The repository contains the implementation of a robust semantic segmentation method for autonomous driving perception using visual-infrared cameras. The proposed approach leverages the fusion of RGB and infrared images to achieve superior performance under challenging lighting conditions.
The MFnet dataset is used in this work, which comprises both RGB and IR image frames of real-world driving scenes, along with semantic segmentation annotations. This dataset provides a comprehensive benchmark for evaluating the performance of the proposed method.
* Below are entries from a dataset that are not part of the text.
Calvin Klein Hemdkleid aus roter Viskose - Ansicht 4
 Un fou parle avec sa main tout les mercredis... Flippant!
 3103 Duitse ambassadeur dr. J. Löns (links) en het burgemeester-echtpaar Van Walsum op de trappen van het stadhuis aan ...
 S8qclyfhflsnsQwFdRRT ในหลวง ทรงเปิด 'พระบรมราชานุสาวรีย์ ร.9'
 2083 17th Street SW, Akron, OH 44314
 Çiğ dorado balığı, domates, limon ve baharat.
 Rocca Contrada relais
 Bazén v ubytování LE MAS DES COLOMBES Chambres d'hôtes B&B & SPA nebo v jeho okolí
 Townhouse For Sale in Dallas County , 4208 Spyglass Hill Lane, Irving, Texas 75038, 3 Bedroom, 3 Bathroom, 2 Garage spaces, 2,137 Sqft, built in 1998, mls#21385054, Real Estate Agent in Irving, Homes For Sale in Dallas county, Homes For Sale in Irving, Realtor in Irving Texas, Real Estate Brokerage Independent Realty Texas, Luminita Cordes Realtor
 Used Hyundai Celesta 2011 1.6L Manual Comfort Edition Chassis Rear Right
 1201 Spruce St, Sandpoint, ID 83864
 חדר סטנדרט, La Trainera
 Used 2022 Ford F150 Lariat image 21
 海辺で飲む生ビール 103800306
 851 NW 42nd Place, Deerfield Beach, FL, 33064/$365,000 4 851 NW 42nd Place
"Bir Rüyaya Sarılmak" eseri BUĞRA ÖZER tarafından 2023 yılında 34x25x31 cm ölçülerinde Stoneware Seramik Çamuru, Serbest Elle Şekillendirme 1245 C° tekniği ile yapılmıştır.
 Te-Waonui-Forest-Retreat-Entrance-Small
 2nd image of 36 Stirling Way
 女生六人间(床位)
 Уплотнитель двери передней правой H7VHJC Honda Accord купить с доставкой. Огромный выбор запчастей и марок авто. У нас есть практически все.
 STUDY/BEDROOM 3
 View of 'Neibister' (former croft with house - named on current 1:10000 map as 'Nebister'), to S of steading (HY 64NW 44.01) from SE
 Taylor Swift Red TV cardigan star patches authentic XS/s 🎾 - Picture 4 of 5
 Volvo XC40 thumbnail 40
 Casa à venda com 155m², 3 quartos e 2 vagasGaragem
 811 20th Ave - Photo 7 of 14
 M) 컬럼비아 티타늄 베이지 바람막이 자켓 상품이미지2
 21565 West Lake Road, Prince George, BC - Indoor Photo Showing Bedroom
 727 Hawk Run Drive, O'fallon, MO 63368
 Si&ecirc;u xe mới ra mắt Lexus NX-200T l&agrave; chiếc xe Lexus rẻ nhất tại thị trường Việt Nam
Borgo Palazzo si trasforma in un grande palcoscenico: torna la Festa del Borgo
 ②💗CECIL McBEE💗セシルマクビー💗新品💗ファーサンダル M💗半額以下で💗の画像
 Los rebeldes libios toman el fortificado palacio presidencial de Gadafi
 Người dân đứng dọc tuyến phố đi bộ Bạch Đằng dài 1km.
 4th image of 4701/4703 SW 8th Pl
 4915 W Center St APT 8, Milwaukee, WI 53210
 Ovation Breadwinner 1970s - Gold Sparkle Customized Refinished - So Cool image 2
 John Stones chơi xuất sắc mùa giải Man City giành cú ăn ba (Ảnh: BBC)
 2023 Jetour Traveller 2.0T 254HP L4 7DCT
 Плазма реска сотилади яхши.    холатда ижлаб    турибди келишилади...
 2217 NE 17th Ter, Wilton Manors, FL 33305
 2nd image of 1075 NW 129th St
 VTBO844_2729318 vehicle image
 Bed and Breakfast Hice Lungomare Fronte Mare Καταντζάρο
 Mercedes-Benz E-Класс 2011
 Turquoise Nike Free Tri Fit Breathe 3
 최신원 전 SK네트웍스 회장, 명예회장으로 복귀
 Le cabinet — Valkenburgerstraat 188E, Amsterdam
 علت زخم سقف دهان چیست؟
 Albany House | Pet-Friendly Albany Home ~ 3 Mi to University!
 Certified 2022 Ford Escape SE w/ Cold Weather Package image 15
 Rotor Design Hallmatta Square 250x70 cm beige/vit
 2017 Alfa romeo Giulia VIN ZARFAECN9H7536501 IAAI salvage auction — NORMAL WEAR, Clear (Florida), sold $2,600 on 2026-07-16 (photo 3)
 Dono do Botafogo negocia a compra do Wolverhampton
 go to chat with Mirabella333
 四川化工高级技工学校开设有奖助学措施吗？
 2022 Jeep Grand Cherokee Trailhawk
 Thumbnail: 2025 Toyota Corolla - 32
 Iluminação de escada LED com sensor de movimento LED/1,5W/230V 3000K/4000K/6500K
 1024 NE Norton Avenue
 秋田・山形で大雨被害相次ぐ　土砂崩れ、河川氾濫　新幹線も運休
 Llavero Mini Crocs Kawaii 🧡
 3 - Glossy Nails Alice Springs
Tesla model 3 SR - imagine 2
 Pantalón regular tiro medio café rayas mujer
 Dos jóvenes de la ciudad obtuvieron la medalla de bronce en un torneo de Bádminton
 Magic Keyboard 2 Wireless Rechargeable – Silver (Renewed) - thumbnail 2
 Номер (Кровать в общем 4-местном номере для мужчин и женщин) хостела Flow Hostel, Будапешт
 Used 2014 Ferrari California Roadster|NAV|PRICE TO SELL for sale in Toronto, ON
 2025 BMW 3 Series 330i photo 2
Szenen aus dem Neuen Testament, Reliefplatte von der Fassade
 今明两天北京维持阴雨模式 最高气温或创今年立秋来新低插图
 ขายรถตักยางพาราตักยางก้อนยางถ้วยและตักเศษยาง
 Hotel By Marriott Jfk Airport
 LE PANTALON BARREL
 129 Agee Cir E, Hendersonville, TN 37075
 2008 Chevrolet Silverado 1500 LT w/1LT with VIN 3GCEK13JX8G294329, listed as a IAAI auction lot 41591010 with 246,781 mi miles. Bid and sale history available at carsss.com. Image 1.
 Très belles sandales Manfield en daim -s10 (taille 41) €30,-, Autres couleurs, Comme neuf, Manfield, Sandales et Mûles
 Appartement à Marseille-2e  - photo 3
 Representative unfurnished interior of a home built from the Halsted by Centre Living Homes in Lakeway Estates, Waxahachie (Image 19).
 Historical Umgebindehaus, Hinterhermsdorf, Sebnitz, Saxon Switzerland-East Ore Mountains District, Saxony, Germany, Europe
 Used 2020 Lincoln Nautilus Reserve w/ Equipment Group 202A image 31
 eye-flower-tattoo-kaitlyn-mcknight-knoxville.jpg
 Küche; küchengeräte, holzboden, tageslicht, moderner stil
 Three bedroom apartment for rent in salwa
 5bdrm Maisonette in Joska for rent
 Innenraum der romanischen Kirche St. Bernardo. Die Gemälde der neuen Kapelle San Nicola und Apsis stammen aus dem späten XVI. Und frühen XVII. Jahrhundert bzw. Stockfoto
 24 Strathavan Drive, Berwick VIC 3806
- Create a virtual environment:
python -m venv venv
- Activate the virtual environment:
- For Windows:
.\venv\Scripts\activate
- For Unix or Linux:
source venv/bin/activate
- Install the required dependencies:
pip install -r requirements.txt
- Configuration Files:
- RGB:
RGB/segformer_mit-b2_4k_32_mfnet_focal.py
- IR:
configs/segformer/segformer_mit-b2_4k_32_mfnet_focal_ir.py
- Early Fusion:
configs/segformer/segformer_mit-b2_4k_32_mfnet_focal_rgbt.py
- ... (Provide details about the different configuration files and their purposes)
- Train the model:
python3 tools/train.py config_file --load-from pretrained_weight_file
- Test the model:
python3 tools/test.py config_file weight_file --eval mIoU
- Inference on test images:
python3 demo/all_test_image_demo.py config_file weight_file --outfile --type
The proposed RGB-IR fusion approach achieves state-of-the-art performance in terms of accuracy, speed, and robustness. The results demonstrate the potential of this method for real-time applications in autonomous driving scenarios.
This project is licensed under the MIT License.